I would probably injure his other offspring too, teach him what it feels like to see a person you care about beaten to a pulp.

He is a ****, I'm betting any of his blood who approach me will be ****s also!

gabosaurus
11-02-2012, 12:22 PM
My paternal grandfather was an old school conservative who would think all of you were liberals. He had two sons, my dad and my uncle.
When one of his sons married a German and the other married a Mexican immigrant, he said to hell with all of us and moved to South Carolina. His sons knew his new address and sent him regular updates, but he never replied.
The first I ever heard was when I sent him an engagement picture of my husband and I. He sent back a "Congratulations" card signed by him and my grandmother. I then sent him a wedding invitation and, to my surprise, he accepted.
My grandfather actually came to my wedding (my grandmother was too infirm to attend), but became very unhappy when he found out that my sister had married a Mexican guy.
We haven't heard from him since. Though the continuing care home where he lived did write my dad a few years back to inform him that my grandmother had passed away.

My moral of the story is that you should never write off anyone.

Robert A Whit
11-02-2012, 12:26 PM
Lets say you grew up never knowing one of your parents due to a divorce...after which they never tried to keep in contact with you or get to know you. Years later... after they have passed away... you learn that you have a brother or sister (older) that you never even knew existed,but they have hired a private investigator to find you.

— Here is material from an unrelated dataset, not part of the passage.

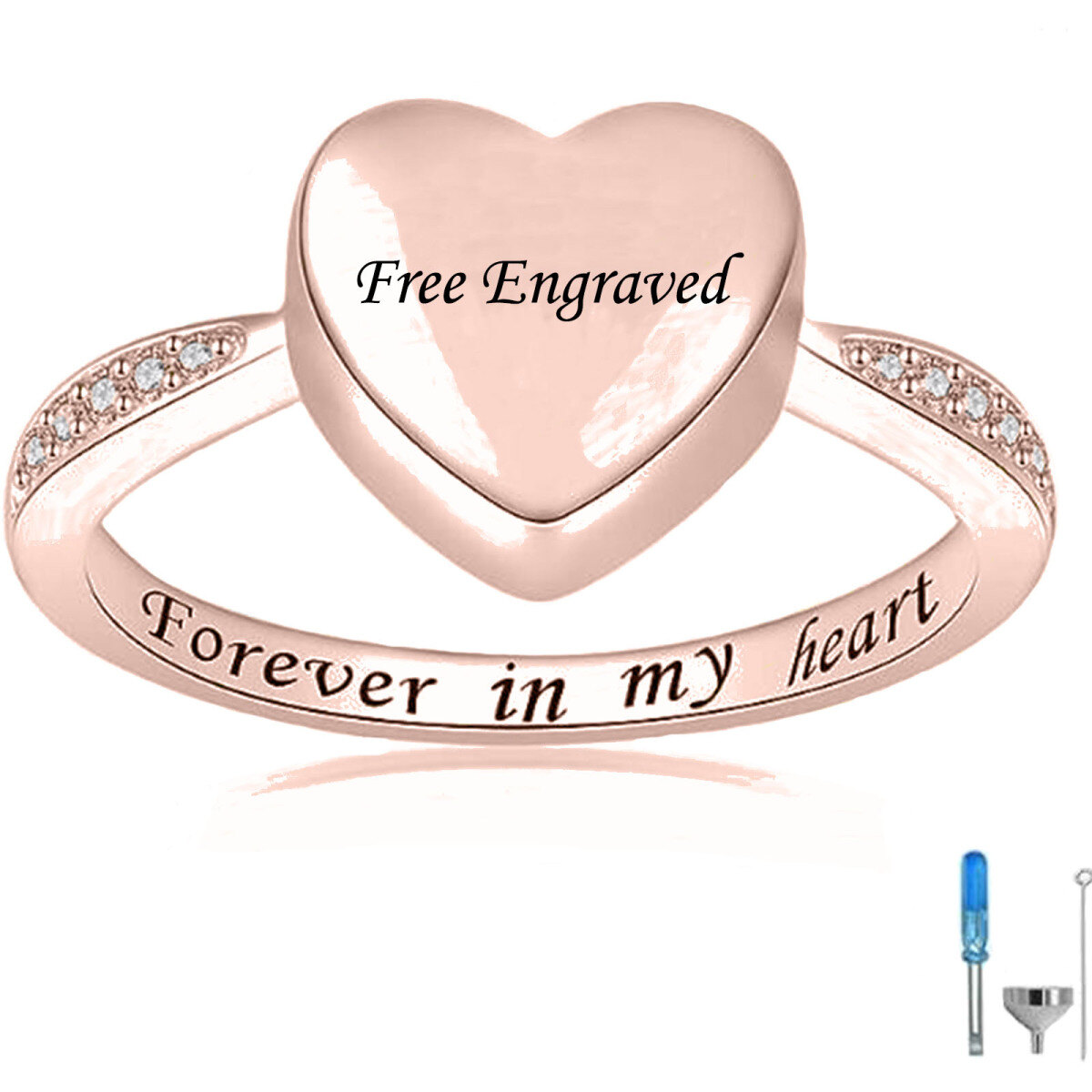 10K Rose Gold Cubic Zirconia Personalized Birthstone & Personalized Engraving & Heart Urn Ring-1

Would you want to meet them or talk to them?

I was 12 when I suddenly learned I had an older sister and enjoyed meeting her. I doubt it can hurt you.

Abbey Marie
11-05-2012, 12:20 PM
My paternal grandfather was an old school conservative who would think all of you were liberals. He had two sons, my dad and my uncle.
When one of his sons married a German and the other married a Mexican immigrant, he said to hell with all of us and moved to South Carolina. His sons knew his new address and sent him regular updates, but he never replied.
The first I ever heard was when I sent him an engagement picture of my husband and I. He sent back a "Congratulations" card signed by him and my grandmother. I then sent him a wedding invitation and, to my surprise, he accepted.
My grandfather actually came to my wedding (my grandmother was too infirm to attend), but became very unhappy when he found out that my sister had married a Mexican guy.
We haven't heard from him since. Though the continuing care home where he lived did write my dad a few years back to inform him that my grandmother had passed away.

My moral of the story is that you should never write off anyone.

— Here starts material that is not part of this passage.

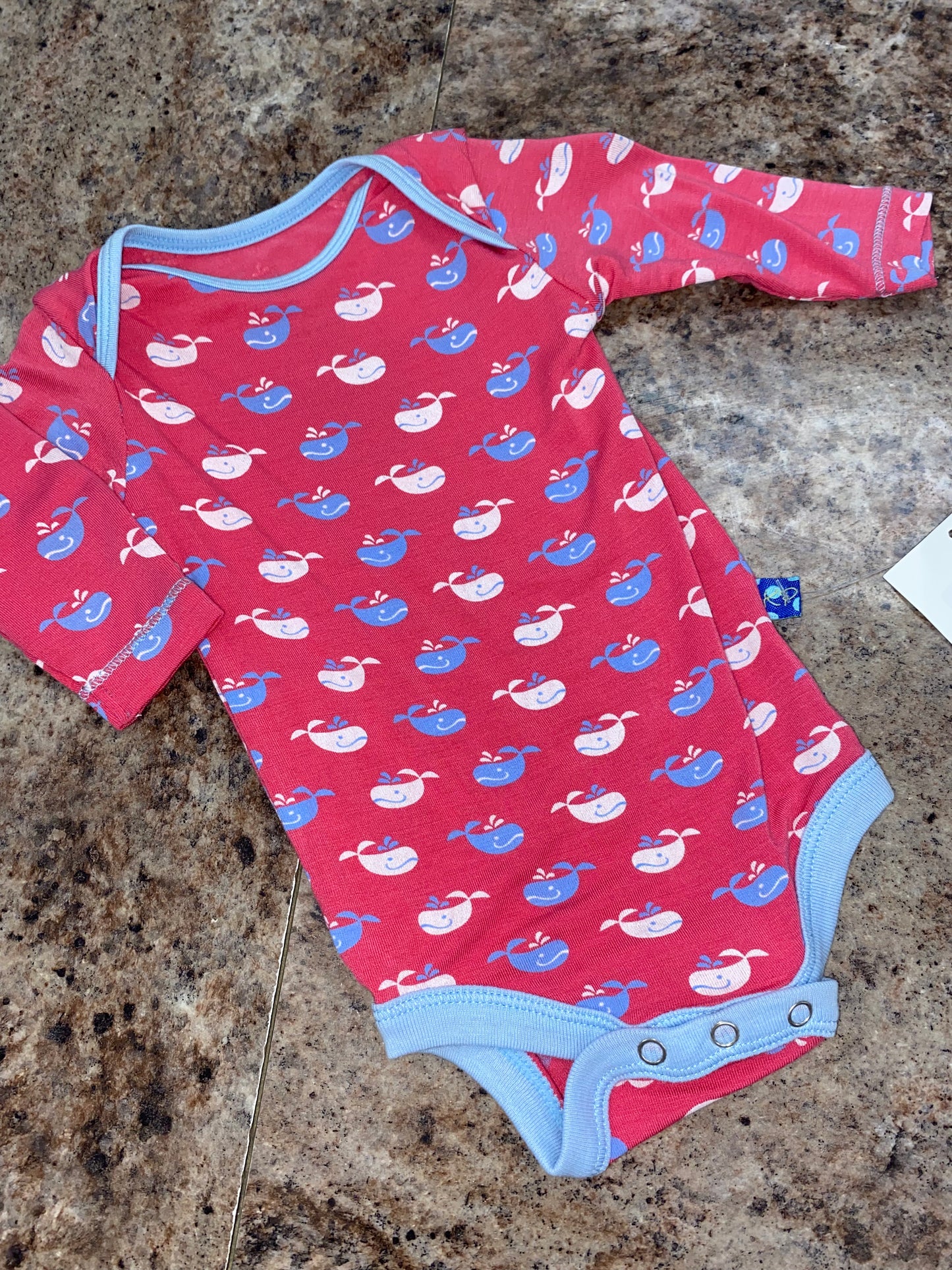 Pink Long Sleeve Whale Print Onesie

Gabby, you are confusing Conservative with racist.

Robert A Whit
11-05-2012, 01:01 PM
The guy does not like either Germans or Mexicans and breaks off contact when a member of his family marries either.

That is not conservative.

As to being a racist, let's establish a few facts right now.

I want to preface this by saying I am not going to ever advocate racism.

That is off the table.

I do favor freedom.

If any person decided to make decisions that are conditioned on race or any other factor, that in my opinion is up to them.

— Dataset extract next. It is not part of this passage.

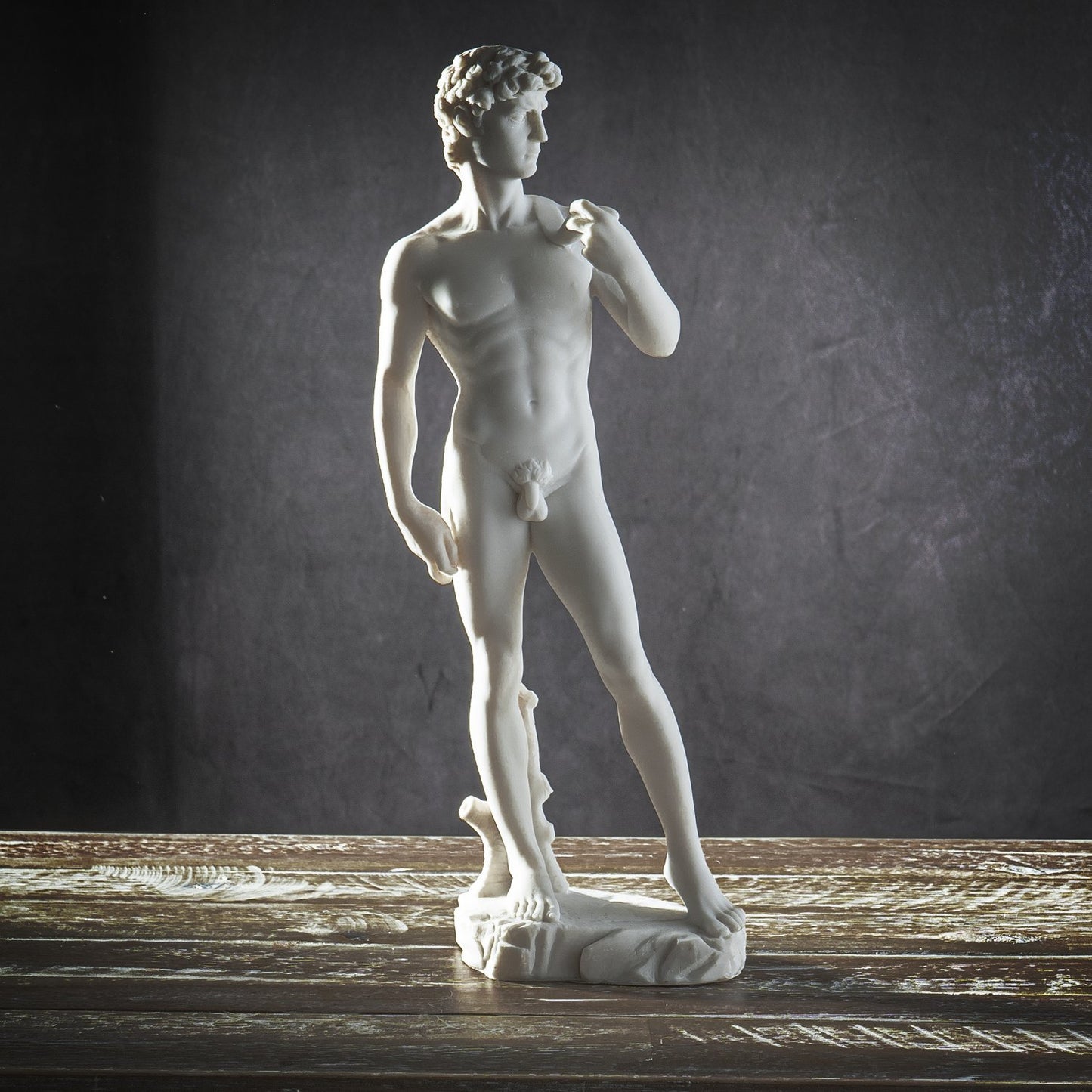 12.5 Inch Michelangelo's "David" Nude Renaissance Masterpiece Replica Resin Sculpture Marble White Finish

Many of us fight too hard for freedom to see some so called good guys decide how somebody else ought to act.

We know stealing is wrong. Murder is wrong.

So how is that reflected?

Both are against the law.

Racism is not against the law.

If you hate vegetables and decide using strange logic you do not like green people, that is up to you.

We may stand back and not admire that choice.

If we stop defending things like free speech and thought, we give away some of our own freedom.

We fight hard to keep gun rights. A lot of people despise guns. Would you want your right to a gun trashed or removed because some person hates guns?

Well, we have to respect the right of racists to do it their way.

Right?

Actually a study of racism will prove that it has been democrats playing the race card and not conservatives.

If you conserve family values, is that wrong?
If you conserve freedom, why would that be in error?

Conservatives goals are to preserve your freedom.